HOUSTON – The U.S. Bankruptcy Court for the Southern
District of Texas has seen a boom in major Chapter 11 bankruptcy filings this
year, particularly from companies in the energy sector.
In light of action taken by the judges in the district, the
uptick in Southern Texas filings may be no coincidence.
“The bankruptcy judges in Southern District put together a
protocol for complex Chapter 11 cases earlier this year,” John Little, a
Dallas-based Deloitte Advisory principal specializing in corporate
restructuring, told the Southeast Texas
Record. “That protocol allowed more certainty for a debtor regarding which
judge would get assigned a Chapter 11 case.
More importantly, it cleared up which judge would not get such a case."
As a result, Little said the district became very popular
for corporate bankruptcies.
The growing list of cases in the Southern Texas district
comes in a rather distant third to the most popular bankruptcy venues: Delaware
and the Southern District of New York.
“This change, almost by itself, increased the attractiveness
for a Debtor to file in Southern district versus an alternative venue, such as
Delaware or Southern District of New York,” Little said.
The large volume of energy sector filings made in Southern
Texas primarily coincides with the aftermath of plunging oil prices in 2015 and
the beginning of 2016. In addition, many of the oil and gas companies are based
in, or have operations in, Texas, as opposed to major coal companies, that have
mostly filed in venues closer to the states where their operations are
Little said he does expect to see more filings in Southern
Texas in the coming months, although perhaps at a slower pace than seen in the
spring of this year.
“We do expect more filings in 2016 and 2017, though the pace
of filings will reduce given that so many companies have already filed and
commodity prices have recovered to some extent,” Little said.
Major Chapter 11 bankruptcy cases currently pending in
Southern Texas include those filed by Sherwin Alumina Co. LLC, Energy XXI
LTD, Goodrich Petroleum Corp., Midstates Petroleum Co. Inc., Ultra Petroleum
Corp., LINN Energy LLC, SandRidge Energy Inc., Linc USA GP, Warren Resources
Inc., C&J Energy Services LTD and Global Geophysical Services LLC.

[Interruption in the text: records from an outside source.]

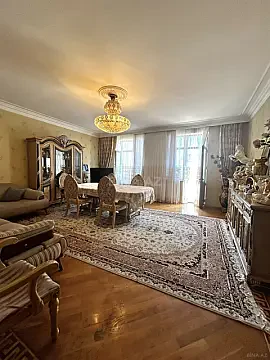 Satılır 5 otaqlı mənzil 200 m² — Bakı, Nəsimi 5 otaq 200.00 m²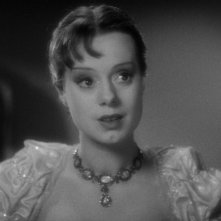 La moglie di Frankenstein: Elsa Lanchester nei panni di Mary Shelley nel prologo del film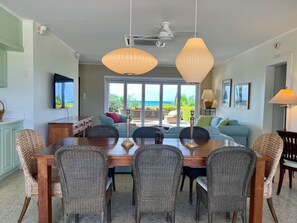 Dining - Classic Malmok Beach House - OceanFront! (Noord)
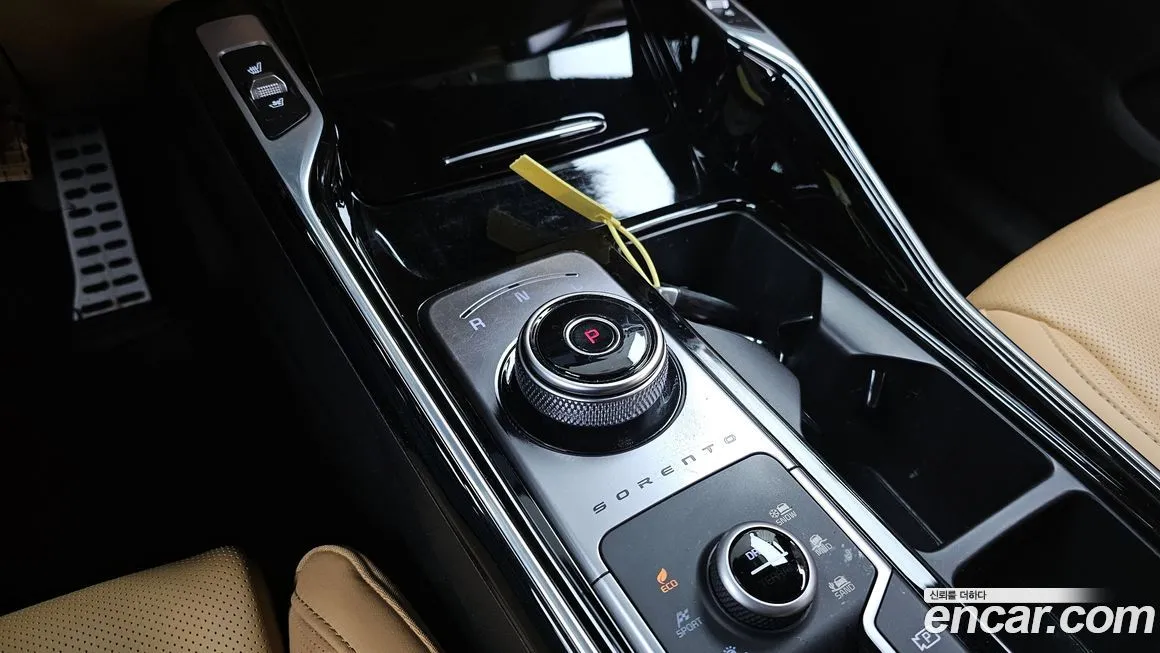 Kia Sorento — фото 9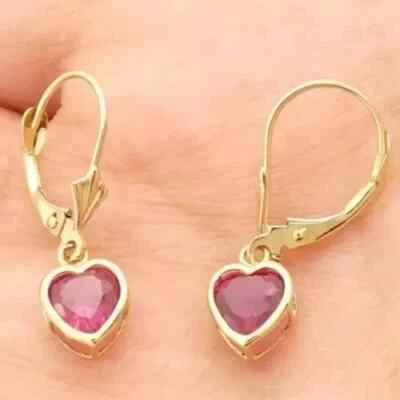 Pendientes colgantes colgantes enchapados en oro amarillo de 14 k con bisel de rubí rojo simulado con corazón de 2 quilates Foto 1 de 4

Of that group, Global Geophysical, SandRidge, C&J Energy,
Sherwin, Energy XXI, Goodrich, Midstates, LINN Energy, and Warren Resources all
made prearranged or pre-packaged filings, under which the terms of those
companies’ restructurings were negotiated with creditors and plan voting was
completed before the actual bankruptcy filings were made.
Global Geophysical, which filed its second bankruptcy case
in two years in early August, plans to liquidate and wind down its assets
through its latest Chapter 11 case. In addition, Sherwin’s pre-packaged plan
calls for a sale of its assets.
Linc USA made its filing after efforts to find out-of-court
options for addressing their debt problems failed. Ultra Petroleum said when it
filed for bankruptcy that it would use the Chapter 11 process to explore its
various restructuring alternatives and evaluate whether to reject or
renegotiate its contractual obligations.
The debt totals of these companies ranged from in excess of $100
million to more than $8 billion. Specifically, Sherwin, Linc and Global
Geophysical had in excess of $100 million in debt, Ultra Petroleum listed $3.12
billion, Midstates had $2.01 billion, C&J Energy had more than $1 billion, SandRidge
listed $4 billion in debt, Energy XXI had $4.38 billion, LINN Energy had $8.28
billion, and Warren Resources listed $545.17 million.